Roick Christiane, Deister Arno, Zeichner Dirk, Birker Thomas, König Hans-Helmut, Angermeyer Matthias C
Universität Leipzig, Klinik und Poliklinik für Psychiatrie.
Psychiatr Prax. 2005 May;32(4):177-84. doi: 10.1055/s-2004-834736.
Due to increasing health care expenditures the discussion about advantages and disadvantages of new methods for resource allocation in mental health care has been intensified. A promising model is the Regional Budget for Mental Health Care, which is currently being examined in Schleswig-Holstein. The present paper describes first experiences with the new resource allocation model. BASIC CONDITIONS: An annual budget, provided for the treatment of a fixed number of patients, makes it possible to reduce inpatient capacity in favour of improved community-integrated approaches for the treatment of acute psychiatric illness.

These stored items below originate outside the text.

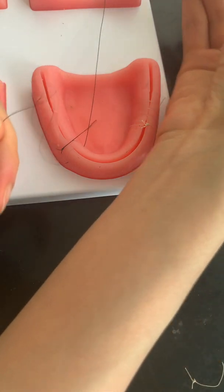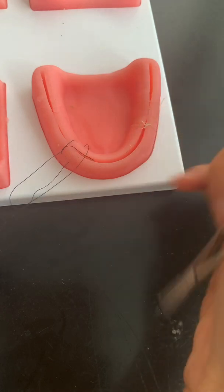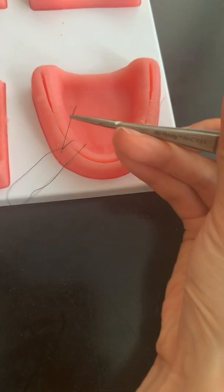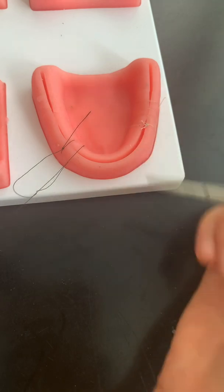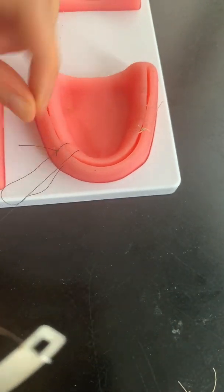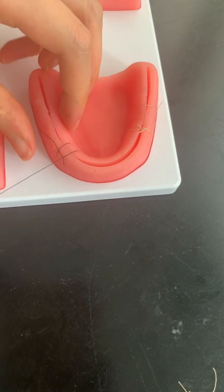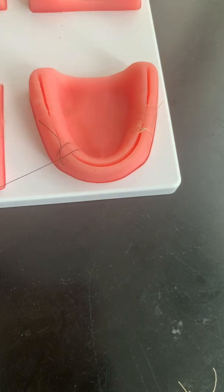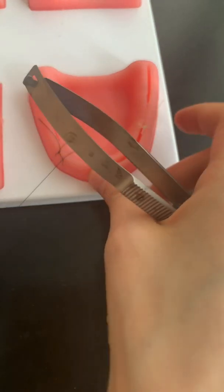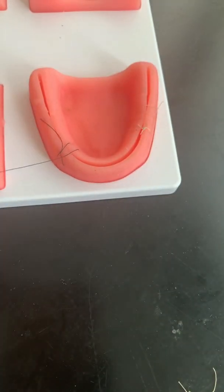It's getting caught on everything because my string is so long. It's pretty easier if you cut it shorter. You want to keep this tight — always hold it with your hand and keep this tight as you continue, because it gets loosened up if you don't.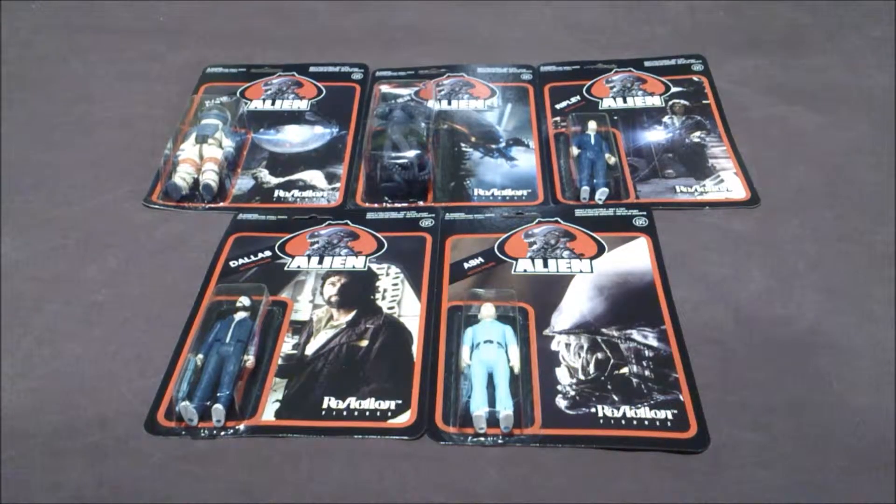Here I have the Funko Super 7 Reaction Alien Series 1 figures — they're really great, I was really waiting to have them. For the story, these were prototypes made in 1979, but they were never made so they never hit the stores. We were lucky because last year for the Alien anniversary, Funko Super 7 Reaction bought them and decided to produce them, that's why they have this vintage look.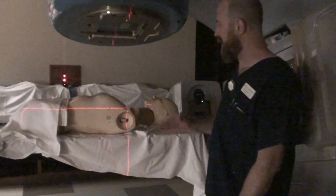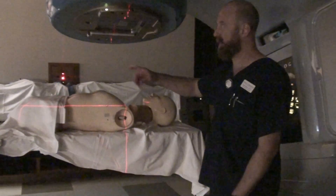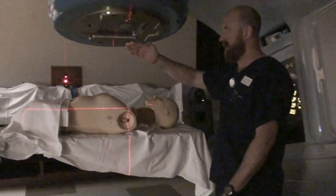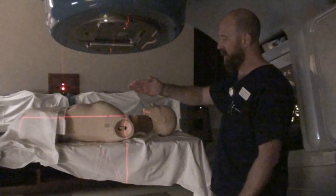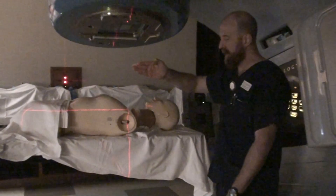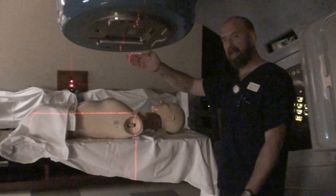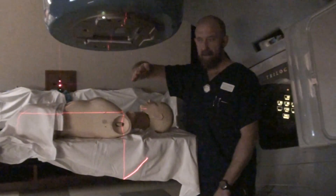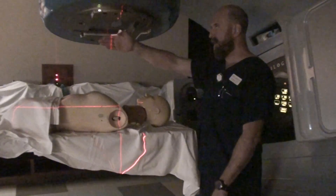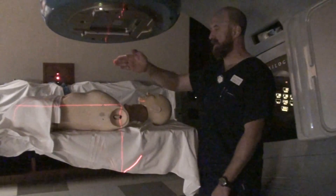15 degrees off. As we discussed in class, we talked about diverging fields at the lateral aspect in the last video. You've also got a divergent field from the anterior. If the doctor is worried about the medial part of the field diverging and getting a little too deep in tissue and possibly getting close to the spinal cord, you rotate the gantry over — going from a diverging beam to a flatter beam. So 15 degrees off will flatten this medial edge out so that it's coming down at a straight angle instead of a diverging angle.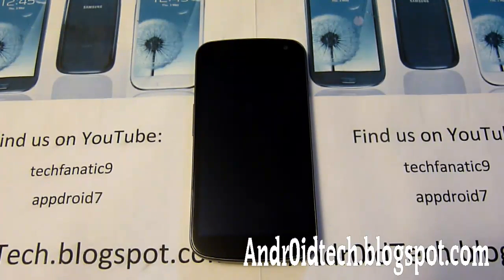Hey YouTube, this is TechThanek9 from AndroidTech.BockyPlan.com and I just want to do a quick tutorial on how to flash or install zips from an SD card.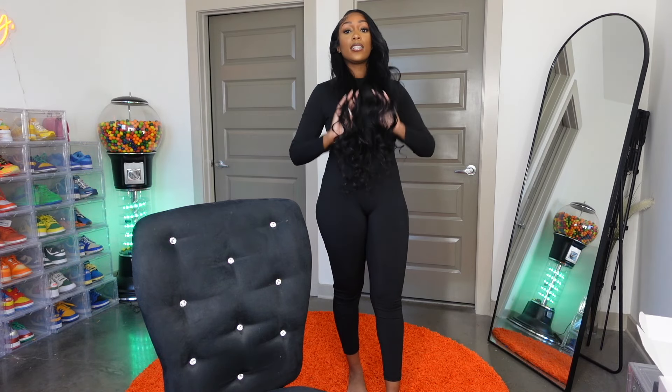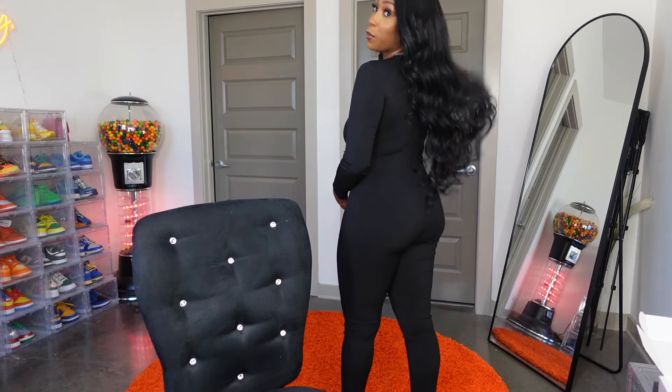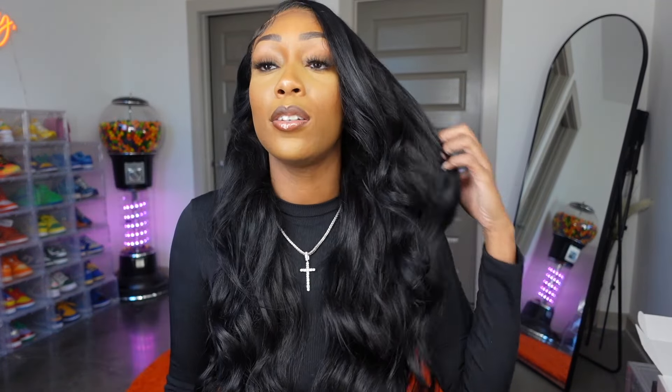I wanted to make sure I showed you all the hair when it's actually curled because I feel like I rarely do that. I do feel like this hair could have been just a little bit thicker — for 250 percent density it's giving more like 180 to me. That said, this is some really good 40 inch hair because at this length wigs don't usually hold curl very well, but this wig holds curls well and can be straightened again the next day. I did bleach the knots, plucked the hairline, and added just a small piece of a bundle.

In a first step inpatient capacity will be reduced by 8 percent. By the end of 2007 capacity for hospital day care shall be increased by 87 percent and a home treatment will be implemented. The previous working method, orientated to treatment setting, will be replaced by an approach specialized in diagnostic groups.
The Regional Budget could improve the continuity and flexibility of patient care. Service providers become motivated to treat in a way, which with little resource consumption achieves a long lasting health status improvement. For health insurances the Regional Budget is an opportunity to limit cost increases.
由于医疗保健支出不断增加,关于精神卫生保健资源分配新方法优缺点的讨论日益激烈。一个有前景的模式是精神卫生保健区域预算,目前石勒苏益格-荷尔斯泰因州正在对其进行研究。本文介绍了这种新资源分配模式的初步经验。
为治疗固定数量患者提供的年度预算,使得有可能减少住院治疗能力,转而支持采用改进的社区综合方法治疗急性精神疾病。
第一步,住院治疗能力将降低8%。到2007年底,日间医院护理能力将提高87%,并将实施家庭治疗。以前以治疗环境为导向的工作方法将被专门针对诊断组的方法所取代。
区域预算可以提高患者护理的连续性和灵活性。服务提供者有动力以一种资源消耗少但能长期改善健康状况的方式进行治疗。对于健康保险来说,区域预算是限制成本增加的一个契机。